“L’accento nel lavoro è sui diritti civili negati, è un film che contribuisce a restituire una memoria, per non dimenticare che i gay hanno pagato un consistente tributo di sangue”. Giovanni Coda
Mercoledì 29 Maggio, ore 20:45, all’Auditorium Provinciale in via Monte Grappa 2/c, Il Movimento Omosessuale Sardo, in collaborazione con MAB Teatro e Libreria Odradek presentano, per la prima volta a Sassari, “Il Rosa Nudo”, ultimo film di Giovanni Coda, che sarà presente in sala insieme a parte del cast.

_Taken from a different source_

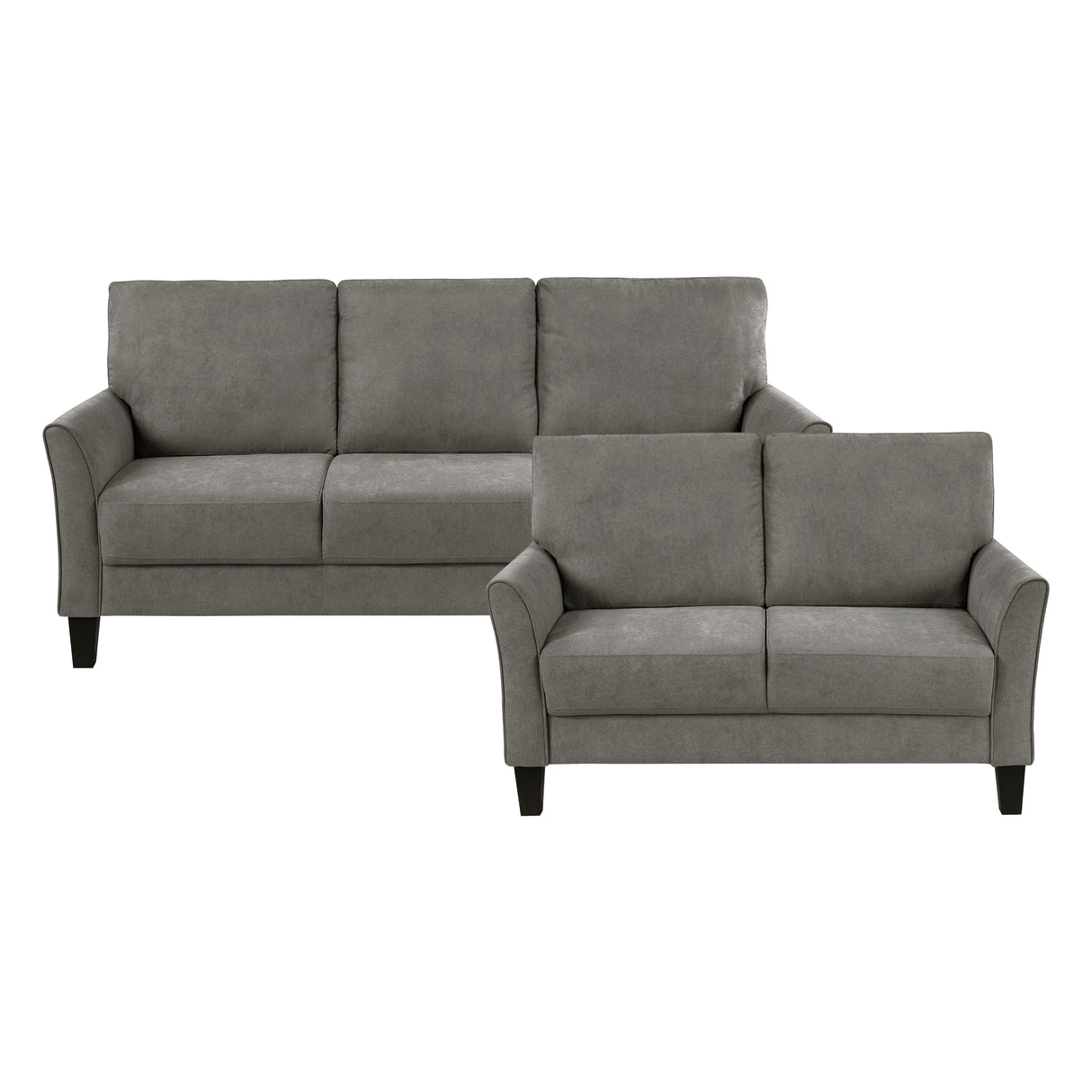 Aliana Chocolate Sofa from Homelegance - Luna Furniture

La proiezione verrà preceduta da una presentazione alle ore 18:00 alla Libreria Odradek con il regista, Giovanni Coda, la drammaturga Francesca Falchi, Salvatore Ligios, docente di fotografia all’Accademia delle Belle Arti di Sassari e Caterina Mura, presidentessa dell’ANPI.

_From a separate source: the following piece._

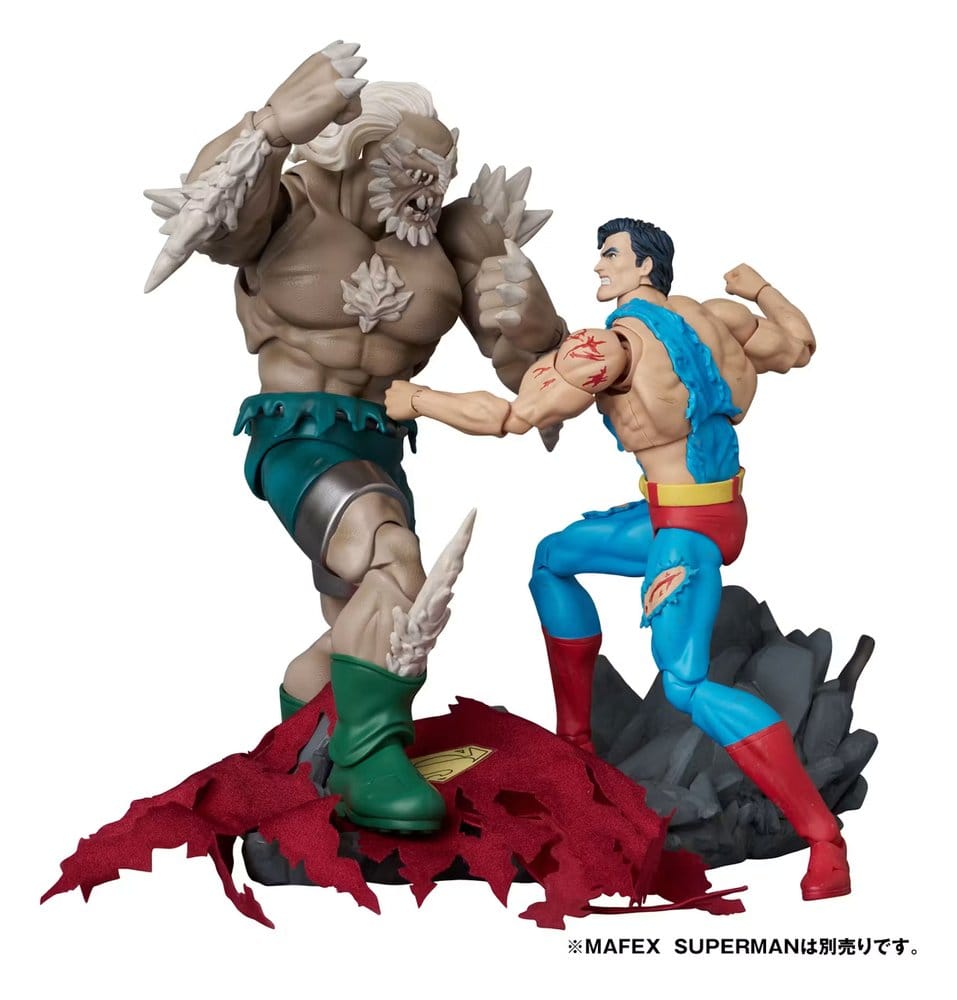 DC Comics MAFEX Actionfigur Doomsday (The Death of Superman) 19 cm - Preorder - ETA: 23.07.2027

Girato principalmente dentro all’ex cartiera di Quartu Sant’Elena, e il poligono di tiro in abbandono di Siliqua, “Il Rosa Nudo” è un’opera a metà tra documentario in bianco e nero e fiction video sperimentale. Una fotografia essenziale, un’ambientazione scarna e incisiva obbliga lo spettatore all’ascolto della voce narrante, che arriva densa e sferzante e non fa sconti al suo attonito e partecipe interlocutore. Una pellicola che vuole rompere un silenzio, quello sulle atrocità e torture che gli omosessuali usati come cavie hanno subito nei campi di concentramento nazisti. E’ la storia di Pierre Seele autore nel 1982 dell’autobiografia coming out ‘Moi, Pierre Seel, deportè homosexuel’, scritto in collaborazione con Jean Le Bitoux. “Imprigionato a 17 anni, torturato nel campo di Schirmeck e marchiato con il triangolo rosa – spiega Coda – assiste alla morte del proprio compagno, lasciato sbranare vivo dai cani”.

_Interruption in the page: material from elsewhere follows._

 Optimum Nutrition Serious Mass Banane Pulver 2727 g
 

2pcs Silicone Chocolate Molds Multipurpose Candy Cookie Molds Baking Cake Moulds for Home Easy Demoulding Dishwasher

Dopo la persecuzione e le torture nei campi di concentramento, Pierre vive una seconda “deportazione”: tornato in Patria, dopo la “liberazione del 1945”, dovrà nascondere a lungo la ragione per cui venne incarcerato dai nazisti, quella omosessualità che ancora a lungo, nelle “democrazie occidentali”, rimase un crimine o una profonda vergogna. Per questo i pochi omosessuali che sopravvissero alla follia nazista non poterono gioire con gli altri della liberazione. In Germania come nel resto d’Europa l’omosessualità era ancora causa di internamento, in galera come nelle case di cura. Pierre decise di nascondere al mondo il suo dramma, si sposò e diventò padre di tre figli. Fino al 1982 quando non riesce più a trattenere il dolore e decide di denunciare l’orrore subito sotto il nazismo e la mancata liberazione di gay e lesbiche in quel lontano 1945. “Il prezzo del coming out è altissimo – ricorda Coda – l’isolamento, l’abbandono da parte della sua famiglia. Solo nel 2002, tre anni prima della sua morte, gli viene riconosciuta la condizione di vittima dell’olocausto. Per questo suonano così vere le sue parole: ‘la liberazione, quella vera, era per altrì”.
Per anni Governi ed ex deportati rifiutarono di riconoscere la persecuzione omosessuale, i triangoli rosa, vietando a gay e lesbiche di partecipare alle commemorazioni ufficiali, negando loro lo status di vittime della persecuzione nazista, specialmente nella Germania del Paragrafo 175, l’articolo del codice penale tedesco che puniva il reato di sodomia, che venne cancellato solo nel 1994 dopo aver riportato in carcere, con l’accusa di omosessualità, diversi ex internati nei lager nazisti. Per loro la liberazione non era ancora arrivata.
Posto unico: 5 euro
Riduzioni studenti di ogni ordine e grado: 3 euro
Prevendite: 3427738828 – 3497817180
L’iniziativa si inserisce nel percorso di Diritti al cuore DOC, manifestazione contro omofobia, razzismo e sessismo che si concluderà Sabato 8 Giugno con un grande corteo per le vie della città ed un concerto in piazza Tola.